I had originally intended to have The Lost Door available at the end of this month, but it’s been pushed back a few weeks while I make some last minute tweaks. One of my beta readers went old school and mailed me a marked up manuscript, and since he lives overseas it’s taken a little longer to get to me. I should have the manuscript this week and corrections made by the weekend, so my new target date is May 12.
This morning I was delivered the completed cover art for The Lost Door, and I couldn’t be happier. It’s always fun to see the ideas transform from a sketch to the final product. I want to thank Diago Lando for doing such a fantastic job. You can see his portfolio on his website here.
I am now waiting on the printer to send me a proof to finalize. If everything looks as good as I hope it will I’m on track for releasing the book at the end of April.
In other news I have completed the first chapter of my next novel Echoes. It is the first in what is a planned trilogy.
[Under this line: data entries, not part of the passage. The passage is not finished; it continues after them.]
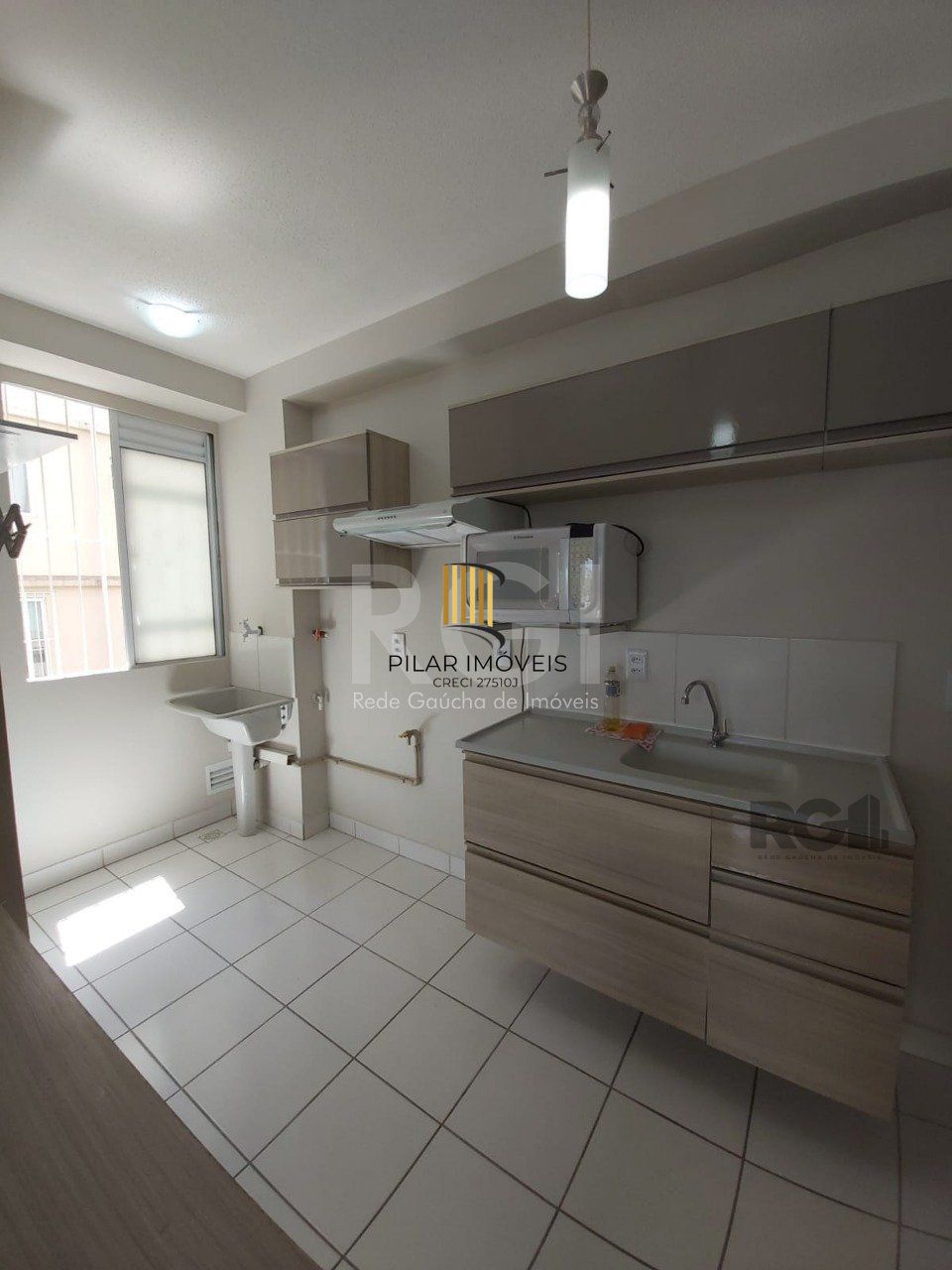 Apartamento com 01 dormitório, sala, cozinha, banheiro social, bem arejado,  ótima localização, próximo a UNIVERSIDADE DA FAPA.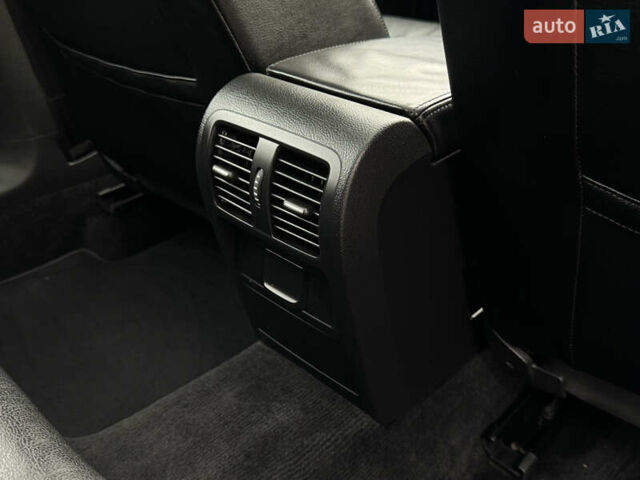 Чорний Фольксваген Пассат, об'ємом двигуна 2 л та пробігом 193 тис. км за 13500 $, фото 34 на Automoto.ua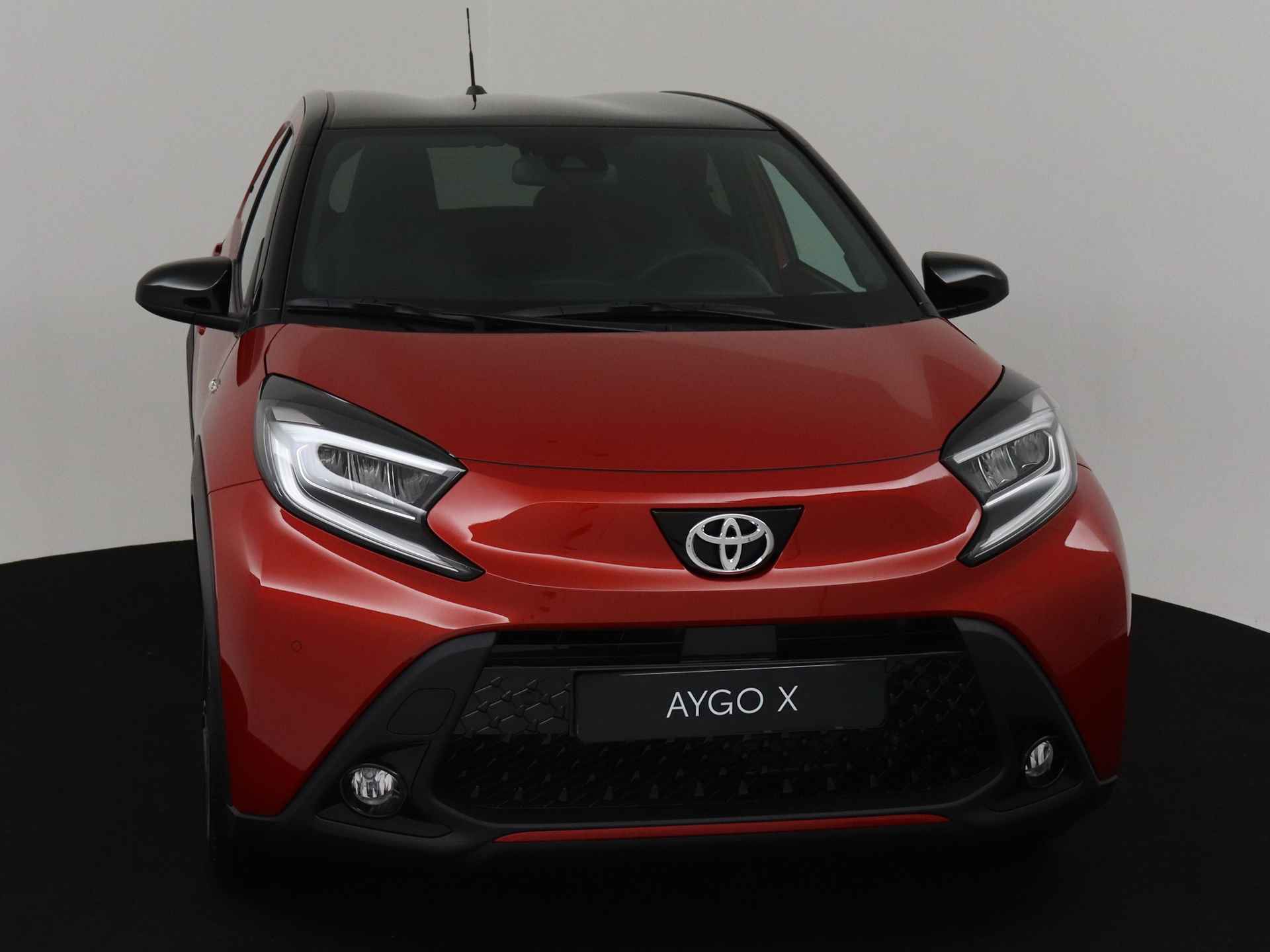 Toyota Aygo X 1.0 VVT-i MT Premium | Design Pack | - 27/38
All three books are outlined and I have a clear path to follow, so hopefully this book will take less time to write than The Lost Door. I look forward to posting more information on this new book at a later date.
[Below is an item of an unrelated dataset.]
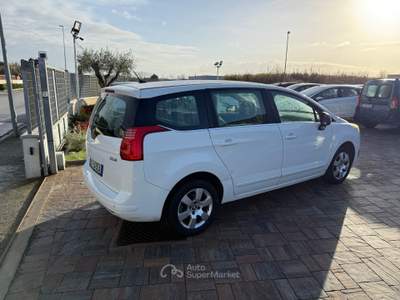 Peugeot 5008 7 posti Bianco usata Cascina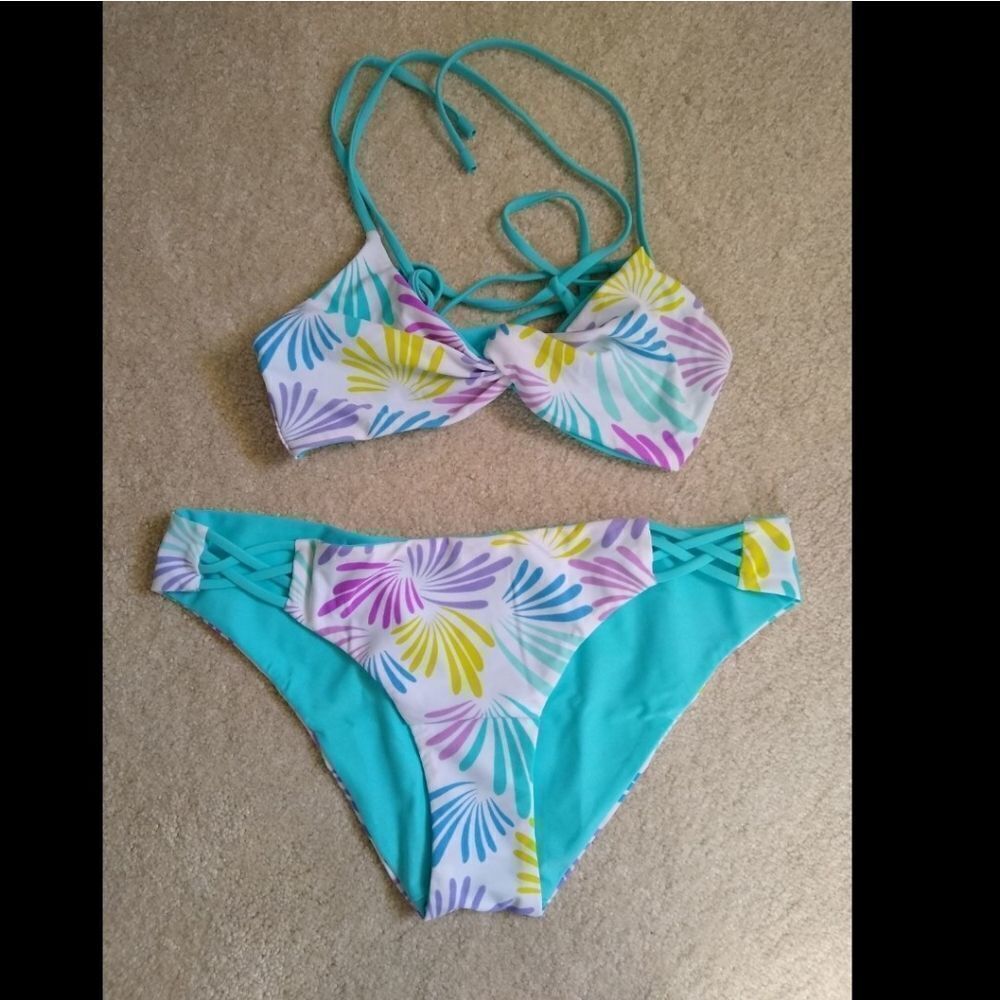 Lands' End Women's 2-piece Bikini Swimwear Aqua blue and white sz XSMALL…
It has been a long and arduous journey writing my first novel, but the end is in sight. The final set of beta readers have been sending me their notes and corrections are underway. I am also in the preliminary stages of working with a designer for the cover art. I expect the book to be available on Amazon, Barnes & Noble, Smashwords, iBooks, and others by the end of April.
For those that like numbers, the books word count is approximated 85,000 which is roughly 290 pages for a paperback.
It’s been a long year and a half of writing and re-writing my first novel. Longer still if you count when I initially conceived the story and the various attempts at writing it. The Lost Door went from being a screenplay to a television mini-series to 5-part novella series to a novel.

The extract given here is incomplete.